Sport Production & Technology Summit 2021: NEP CTO Pete Emminger talks esports, attracting talent and why there will always be a place for trucks

NEP CTO Pete Emminger in conversation with SVG Europe’s Will Strauss

The newly appointed CTO of NEP, Pete Emminger, gave his first public interview since being appointed to the role in July at SVG Europe’s Sport Production and Technology Summit.

Emminger shares oversight (with CEO Brian Sullivan among others) of one of the main technical production partners in the industry yet as he told the audience, it is the people that count.

“It’s the astronauts, not the rocket ship which matters,” he said, speaking with SVG Europe editor, Will Strauss. “Investing in people is one of our priorities and that means ongoing training and forums to access new technology as well as diversity initiatives. If we invest in the right people, it will pay.”

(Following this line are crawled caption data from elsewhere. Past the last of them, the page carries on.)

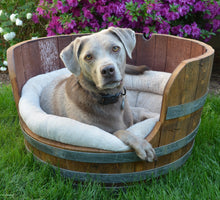 Load image into Gallery viewer, Wine barrel dog bed with dog and flowers 
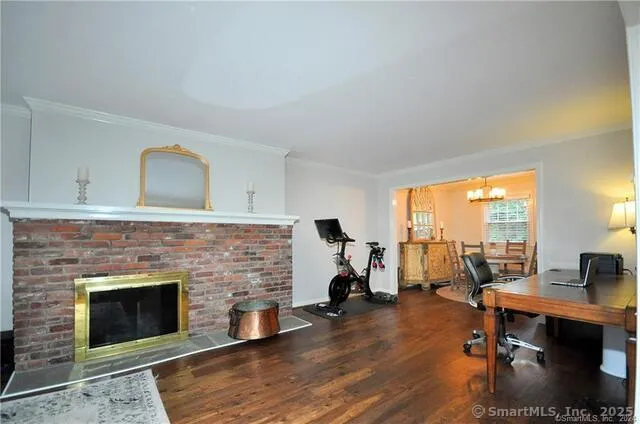 a living room with furniture fireplace and a table
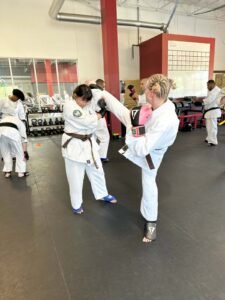Two Kyokushin karate practitioners spar during the Knockdown Fighting Seminar at Kaizen Kan Dojo in Tucson, Arizona.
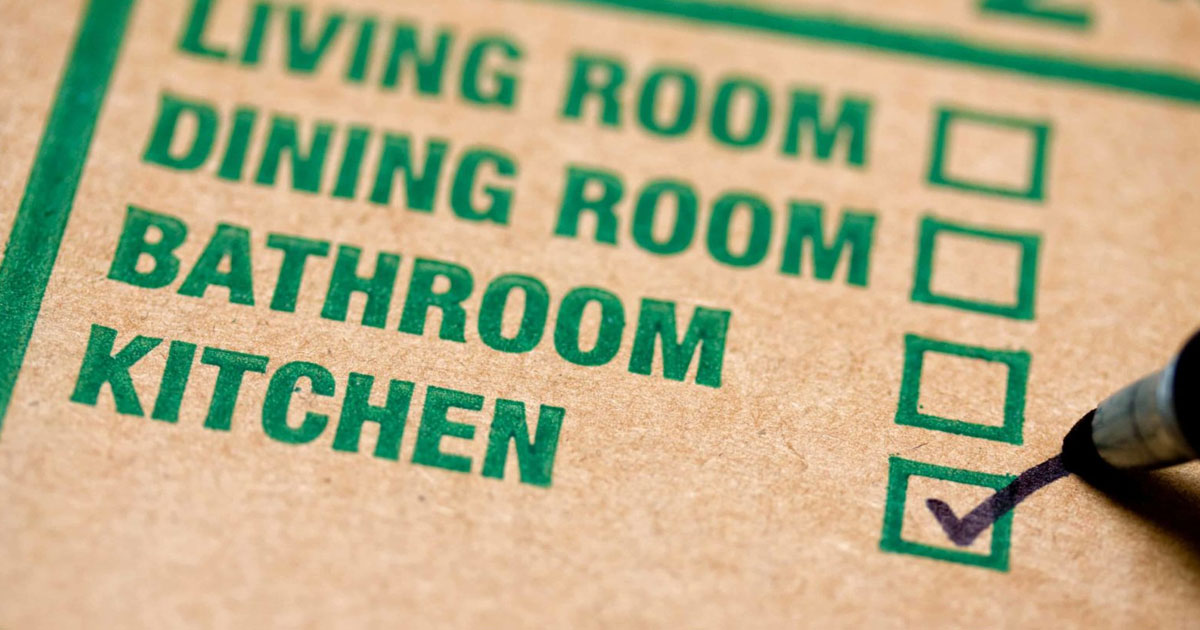carboard box with checkboxes for living room, dinning room, bathroom, and kitchen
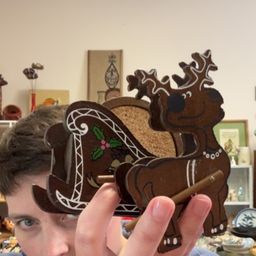 Vintage wooden reindeer and sleigh coaster set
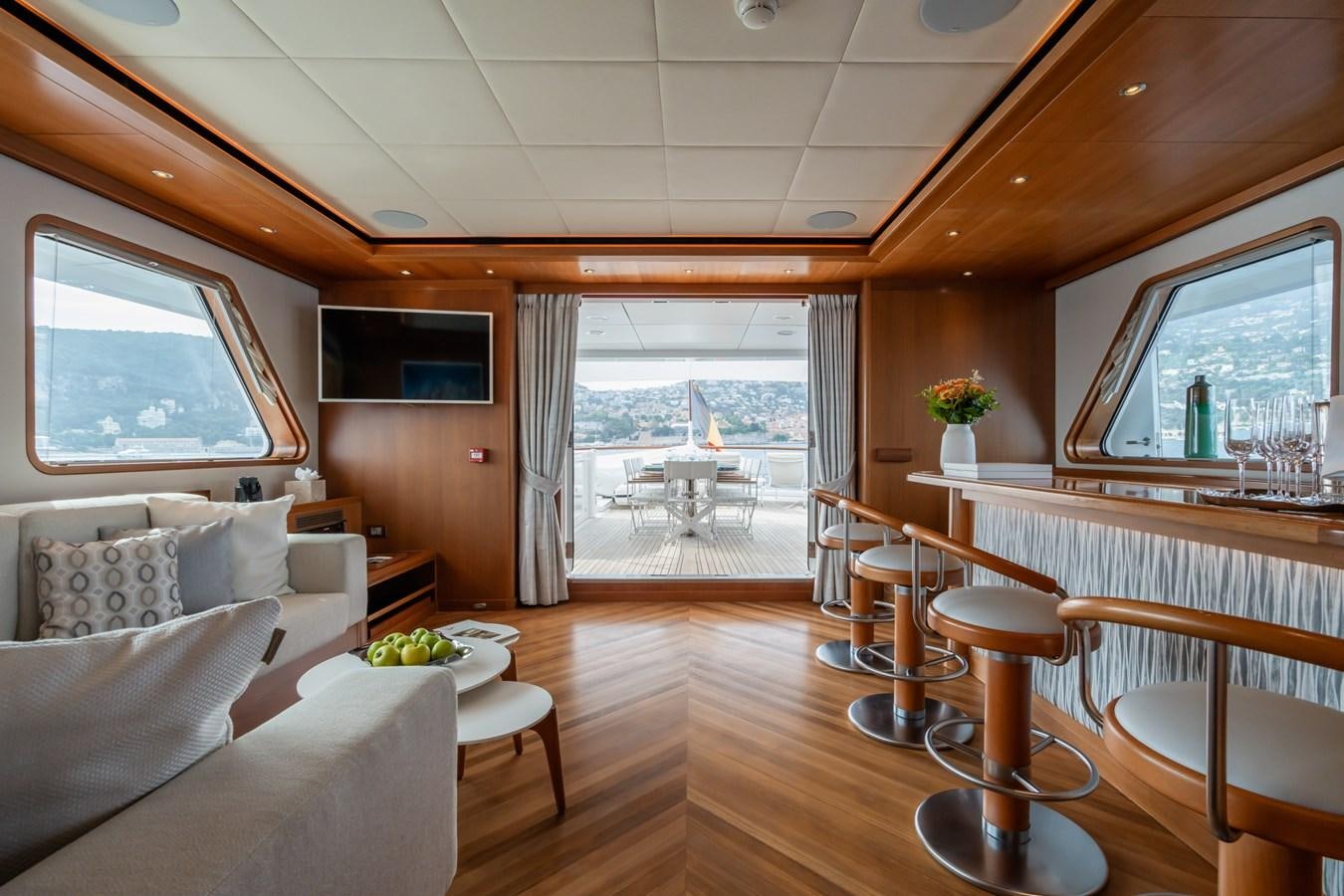 a living room with a large window aboard CORNELIA Yacht for Sale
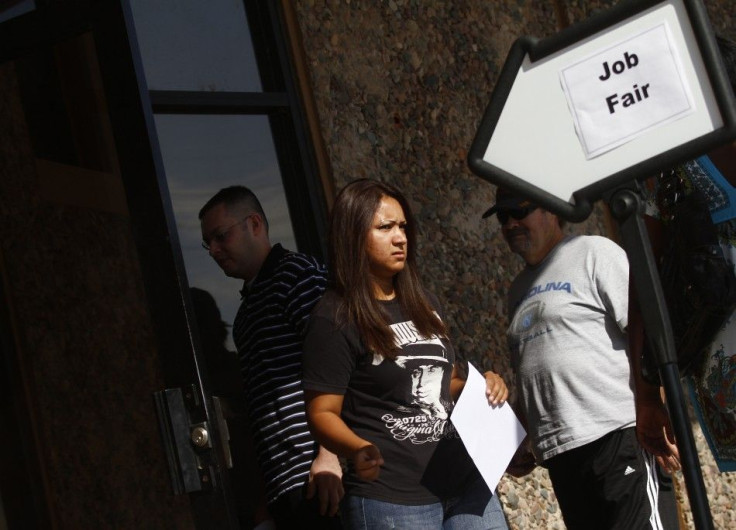 A woman exits a job fair at the Phoenix Workforce Connection as others wait to enter in Phoenix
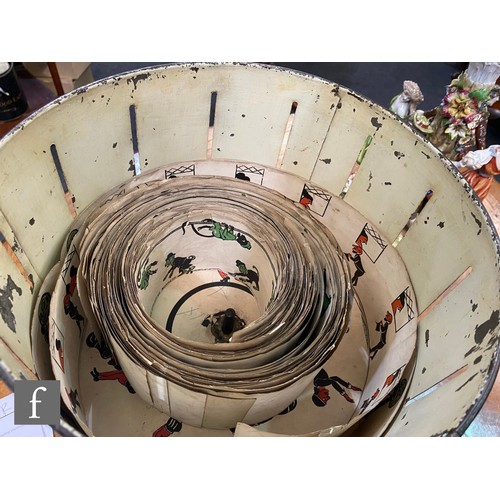 1143 - A late 19th to early 20th Century 'Wheel of Life' Zoetrope, the black lacquer exterior with painted ... 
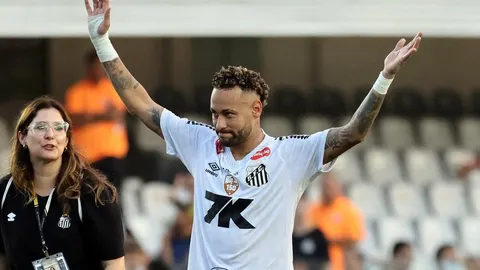 Neymar u bijelom dresu s podignutim rukama na nogometnom stadionu.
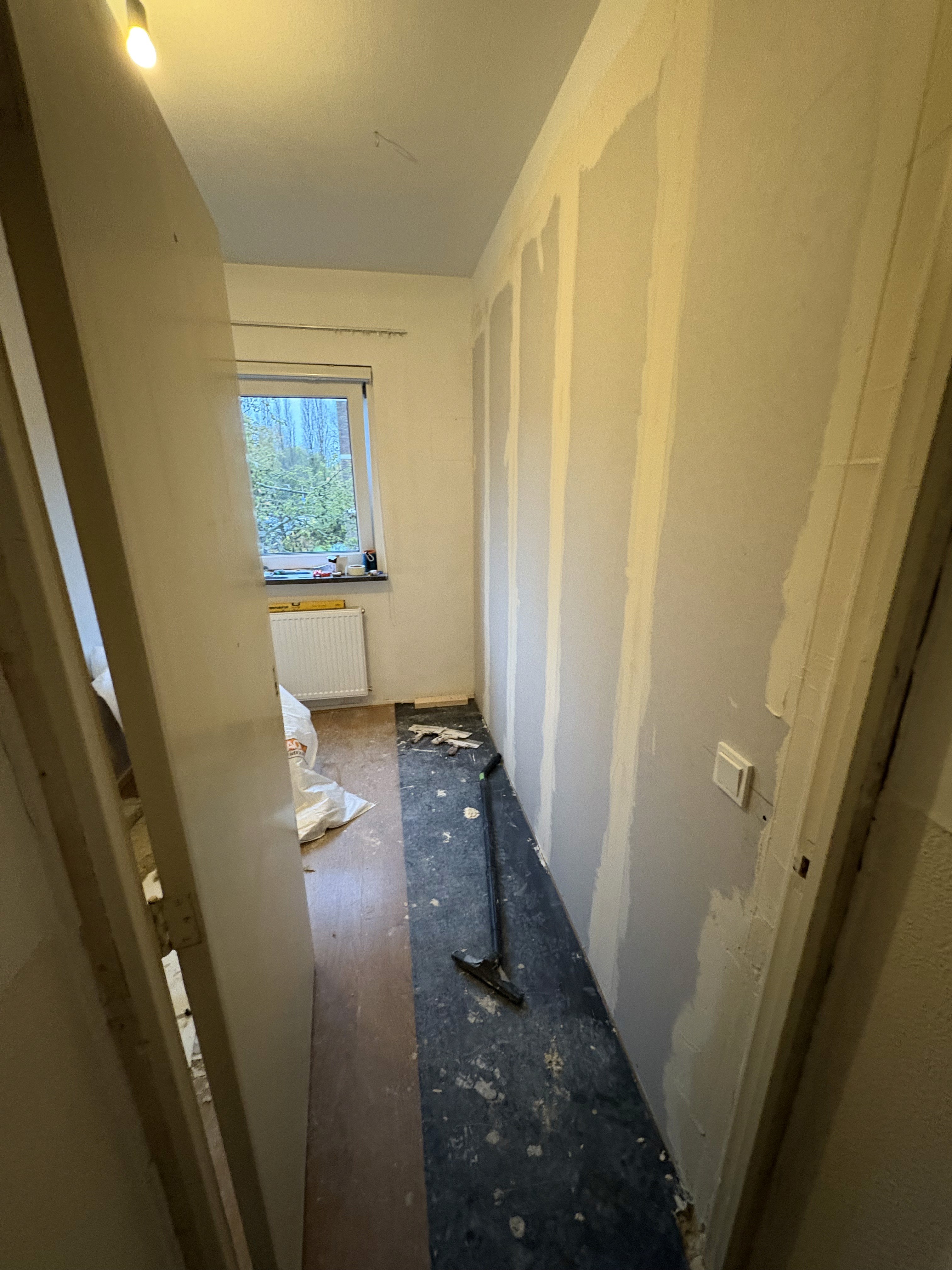 husband and wife working happily on a laptop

Emminger is responsible for leading the global technology group, overseeing overall technology strategy, and technical design and build of its products and network operations. The group is also responsible for R&D and prototyping, supporting NEP’s ongoing commitment to innovation. Prior to his role as global CTO, Emminger joined NEP in May 2021 as SVP, product management for live production, where he focused on identifying and building strategic product plans for live production.

“When I was 18 I thought I’d be a theatrical set designer,” he explained by way of introduction. “If you think about it, the audience experience for that job is key to everything else I’ve done, including at NEP. I gravitated to the more technical side of projection mapping and film projection, and that progressed into a career in live events. My starting point is the content and then asking what do customers need to make that content for their audience.”

Prior to NEP, Emminger was at Blizzard Entertainment, where he built and led the Global Broadcast group, developing key internal capabilities at Blizzard in support of BlizzCon, Overwatch League and Call of Duty League. Prior to that, he owned a live event production company for 13 years.

“Esports is a hyperconnected environment where everything is interchangeable and connected and focused on enabling the audience experience,” he said. “Every live broadcast production today is connected to multiple locations. There is no longer a true air gap production. For example, a leg of the Extreme E race series took place in Greenland in one of the most remote and least connected places on the planet. After satellite backhaul we took everything as data over IP into our production control rooms in both London and the Netherlands to produce the live feed.

“Productions and production technology and networks are increasingly interconnected and that affords the content producer greater synergies in cost reduction and streamlined workflows and also huge opportunities to make more value from the raw material they generate at source.”

That said, NEP, which has its roots in outside broadcast trucks, doesn’t see any end in sight to on-site workflows.

“There will always be a place for trucks,” he said. “Yes, a lot of workflow is moving to the cloud but being onsite has a lot of value. We continue to make significant investment in our truck and OB fleet. We are designing this infrastructure to tie together in order to deliver on projects that require interconnection of multiple sites and multiple locations. We are designing trucks to be interconnected.”

“There will always be a place for trucks. Yes, a lot of workflow is moving to the cloud but being onsite has a lot of value”

He continued: “From vendors we’d like to see a continued migration from hardware-dependent solutions to software-defined ones that enable more flexible workflows. Additional production capacity is what content creators expect and we do too.”

Emminger also highlighted the current move to 100Gig networks “with 400Gig not that far away – maybe two to three years away – this [connectivity] is something we are looking at.”

Given Emminger’s esports expertise, Strauss asked what conventional sports could learn from its growth. “How exactly you link the live event with the broadcast is one thing that esports does better than most sports. It’s about having an environment where, when something happens in a game, you want the exact same action in the stadium and in the home,” said Emminger.

Perhaps synchronising VAR or TMO in venue with live broadcast can be improved. “For a lot of sports that is fairly disconnected,” he added.

What about transferable skills between esports and more traditional sportscasts? “There are workflows in esports such as game observers whose skills can transfer into remote camera work much more easily than asking a camera operator in broadcast to work inside a games engine,” he said. “They are different skill sets. That said, those in the traditional broadcast space conversant with interconnected graphics and third-party data workflows are much better at transferring those skills into esports where operators are used to heavily customised game data.”

NEP technology was and still is powering many esports live events, including at the Blizzard Arena in LA. “In NEP where we support major esports publishers, we try to move teams between projects,” Emminger said. “It happens organically and on a daily basis.”

This mix of interdisciplinary skills within the corporate environment is, for Emminger, key to attracting talent into the industry. “Ongoing diversity initiatives will also help, but I find that what works most of all in terms of talent retention is to be fun. You can forget about having fun amid all the pressure, but if it’s not fun, why do it? Likewise, if you’re not interested in sports why do it. I happen to think sports is a lot of fun.”